E poi c'è zia Patrizia, figura mitologica e idealizzata, somma di tante donne e perfetta unione tra la verità degli eventi e la trasfigurazione della fantasia (mentre San Gennaro arriva in Rolls Royce e il monaciello indica la via da seguire). Di fronte a cotanta vita, a questo accumulo di sollecitazioni incontrollabili e trasversali, a questo gioco che tra le sue regole annovera anche la morte, Fabietto perde finalmente se stesso e si disunisce, decidendo di non dare retta al mentore Antonio Capuano eppure ascoltandone il grido più appassionato («Tu non hai un dolore, hai una speranza»).
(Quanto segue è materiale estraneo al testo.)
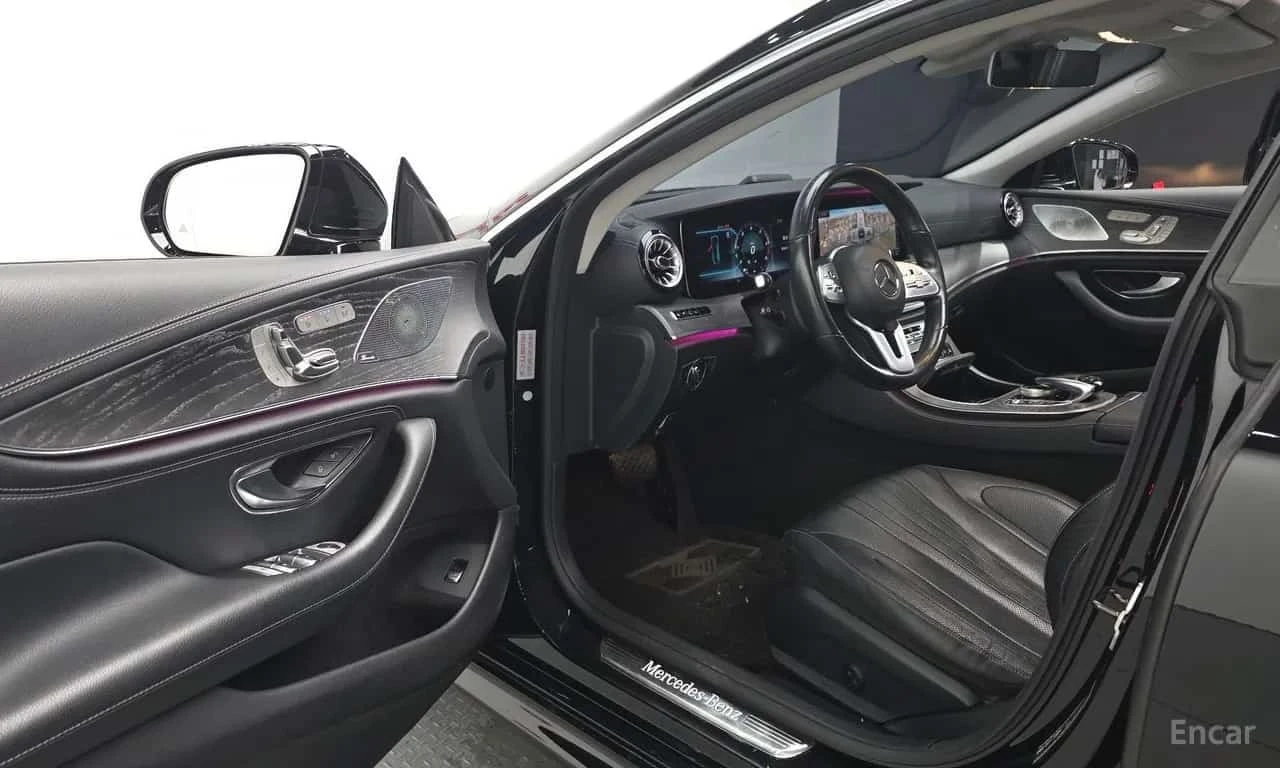 Mercedes-Benz CLS 400 4MATIC /���������/��������/���������/360 | Mobile.bg � ����������� 10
Che sia andata veramente così assume un'importanza più che relativa e, anzi, la fuga da un certo tipo di filologia morbosa – così come dalla linearità del racconto – è uno dei punti cardine del film. Del resto il cinema ridisegna, rimodula, e (Fellini, nell'universo sorrentiniano, docet) nella sua inutilità distrae dalla scadente quotidianità. È stata la mano di Dio è il memoriale di Paolo Sorrentino sull'adolescenza, sull'intorpidimento del dolore e sul modo insondabile in cui, a volte, il dolore è la molla che fa ripartire l'ambizione. Ma per guardare avanti non si può fare a meno della malinconia, che addolcisce le cose passate avvolgendole in una patina di necessario rimpianto. Lo diceva già Romano in La grande bellezza: «Cosa avete contro la nostalgia? È l'unico svago che resta a chi è diffidente verso il futuro».